Comment by Douglas Berger, Psychiatrist in Tokyo, Japan
This is a good article, though with some fuzzy parts:
1. The authors go to great lengths to describe the difference in DSM-5 and ICD-10 diagnostic criteria for ADHD that differ in significant ways on at least 4 important comparison items, then later say that the “Best practices in diagnosing ADHD are well-established”, and that “rating scales lack specificity leading to a high false positive rate…”

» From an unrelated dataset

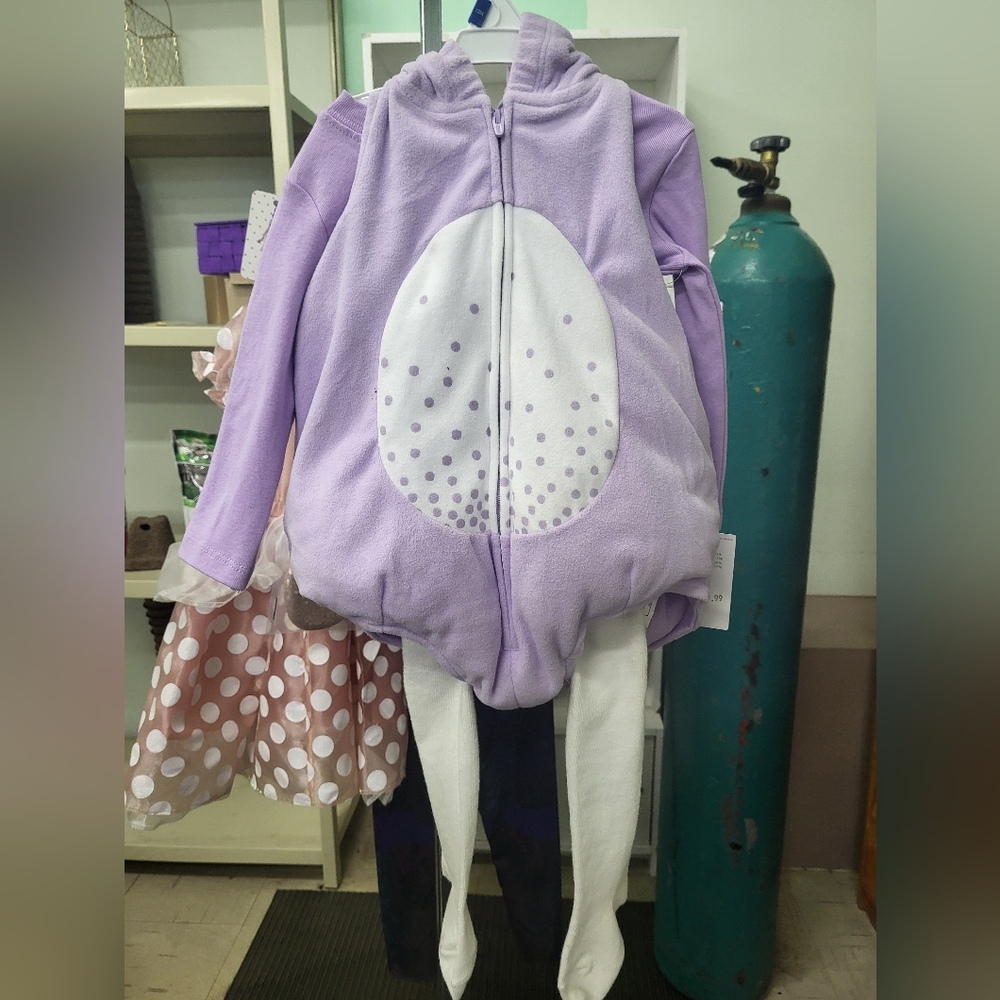 NWT Lavender Narwhal Children's Halloween Costume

What they mean to say, and should say, is that, “because psychiatric disorders are not fully proven by diagnostic criteria or rating scales, clinical suspicion along with response to interventions (usually medication) will help close-in on the likelihood of a specific diagnosis, although a diagnosis in psychiatry is never fully provable because there are no absolute objective physical markers (=biologic findings) that are specific for a diagnosis in an individual patient”.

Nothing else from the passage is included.